Eine Garten-Essgruppe bündelt Gartentisch und Sitzmöbel zu einem abgestimmten Essplatz im Freien. Das kann ein Tisch mit Stühlen sein, ein Set mit Sesseln oder eine Kombination mit Bank. Sinnvoll ist so ein Set überall dort, wo Du draußen regelmäßig essen, arbeiten, spielen oder mit Gästen sitzen möchtest: auf der Terrasse, dem Balkon, im Garten oder auf einem überdachten Freisitz.

Garten-Essgruppe
Eine Garten-Essgruppe ist ein aufeinander abgestimmtes Set aus Gartentisch und Sitzmöbeln für Mahlzeiten im Freien auf Terrasse, Balkon oder im Garten. Solche Sets werden als komplette Lösung für Outdoor-Dining beschrieben: Design, Material und Sitzmöbel sind meist optisch und funktional aufeinander abgestimmt.

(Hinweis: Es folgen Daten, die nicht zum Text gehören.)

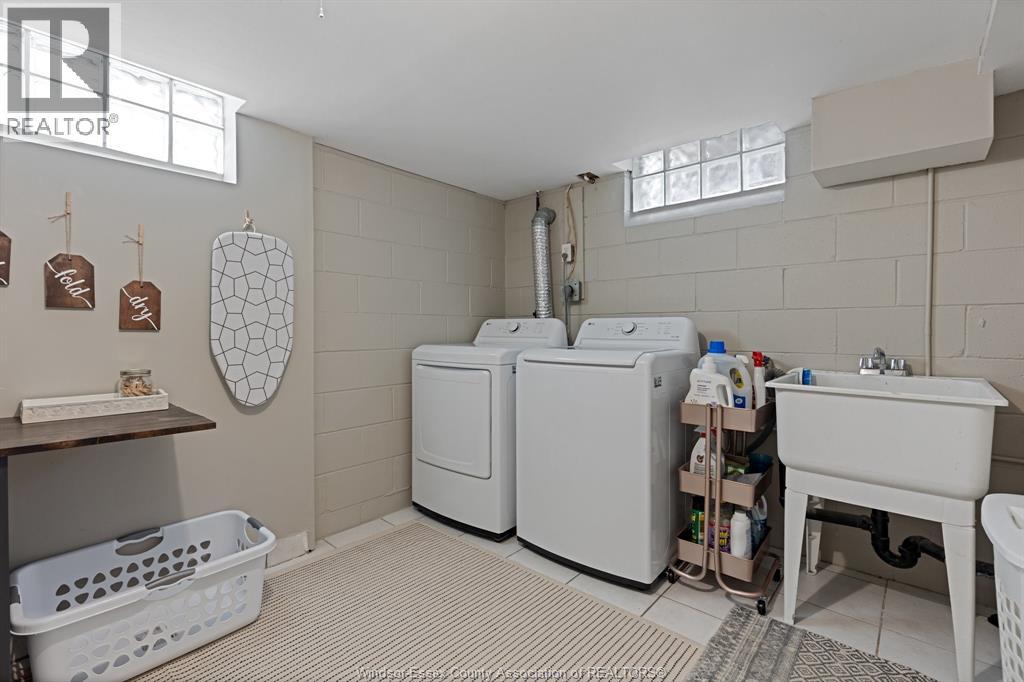 2584 Rivard Ave, Windsor, Ontario  N8T 2H3 - Photo 23 - 26016932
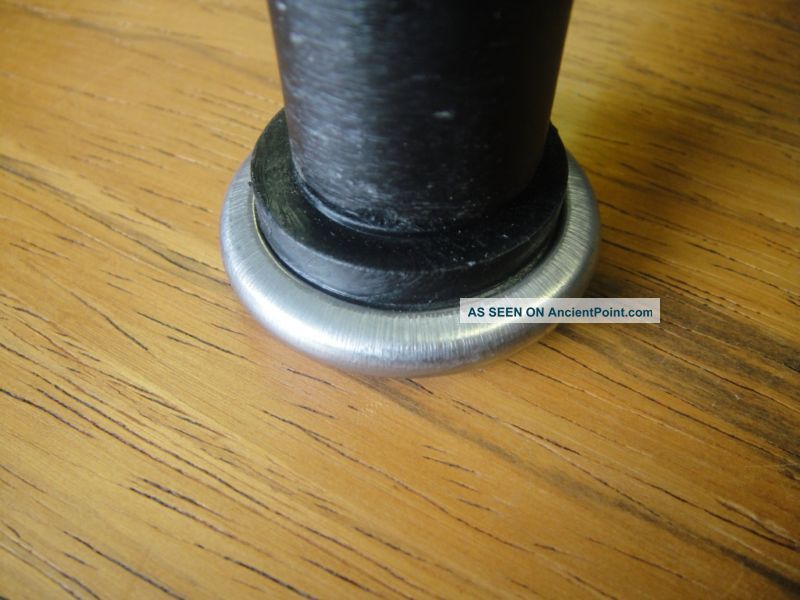 Herman Miller Eames Lounge Chair Replacement Glide 670 Post-1950 photo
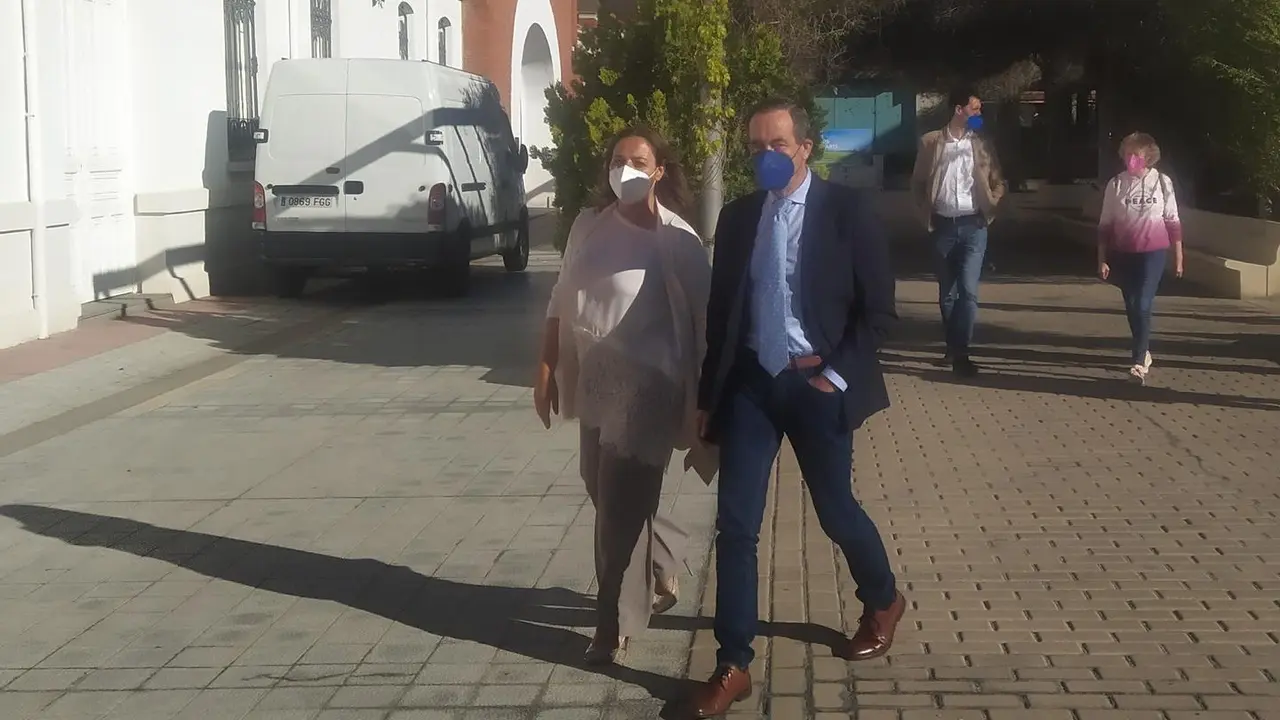 La secretaria del PSOE en la provincia de Palencia, Miriam Andr&eacute;s y el exministro de Defensa, Jos&eacute; Bono, llegando a la Escuela Socialista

Der Unterschied zu allgemeinen Sitzgruppen liegt im Schwerpunkt: Bei einer Essgruppe steht das Sitzen am Tisch im Vordergrund, nicht nur entspanntes Zurücklehnen. Ein Bistro-Set ist die kompakte Variante für zwei Personen und kleine Außenbereiche. Eine Dining-Lounge wirkt weicher und wohnlicher; Dining-Loungesets kombinieren bequemere Sitzplätze mit einem Tisch in Esshöhe.

Wenn Dir längeres Entspannen wichtiger ist als ein klassischer Essplatz, können Lounge-Sets besser passen. Für Mahlzeiten, Familienalltag und Gäste bleibt die Garten-Essgruppe aber die klarere Lösung, weil Tischhöhe, Sitzposition und Stellfläche dafür ausgelegt sind.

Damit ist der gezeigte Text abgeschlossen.